今なお日本人を魅了し続ける、司馬遼太郎。義弟が在りし日の思い出と司馬作品について語る。

当時の茶の間の会話で、私がいつも驚かされていたことがあります。私の雑駁な話が司馬遼太郎の頭脳をめぐって返ってくるのです。例えば食べ物の話はやがて貿易の話、世界の話、あるいは歴史の流れの中に入ったりしながら輻輳します。何十分か経って気づいたら、それがそのまま文明論や随筆、例えば『この国のかたち』や『街道をゆく』に掲載してもいい、きちんとまとまったものに変わっているのです。こうした経験は、取材旅行をともにした、編集者のみなさんもお持ちでした。

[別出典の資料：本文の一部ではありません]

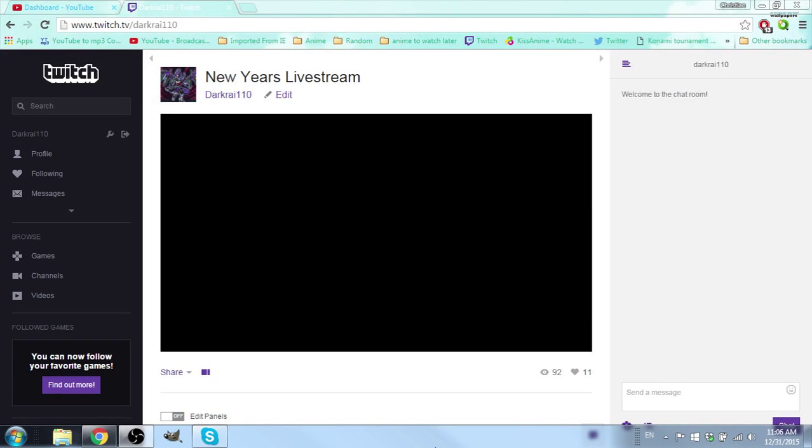Hello everybody, Lote4Life here bringing you guys a quick little announcement video. I will be live streaming at 2 o'clock my time. That is in 3 hours.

普通、取材旅行は、作家と編集者、カメラマンなど3、4人程度で行くもの。ところが、司馬遼太郎の場合は、編集者や学者、作家も加わって、十数人になることもありました。そして、食事のあと、司馬遼太郎の部屋に集まって、自然と司馬遼太郎の話を聞くような格好になります。そのときに、先ほど話したような印象をみなさんもお受けになったようなのです。茶の間の会話でもそうですが、同じ話はなく、毎日違う。『街道をゆく』に、その辺りの雰囲気がよく出ているように思います。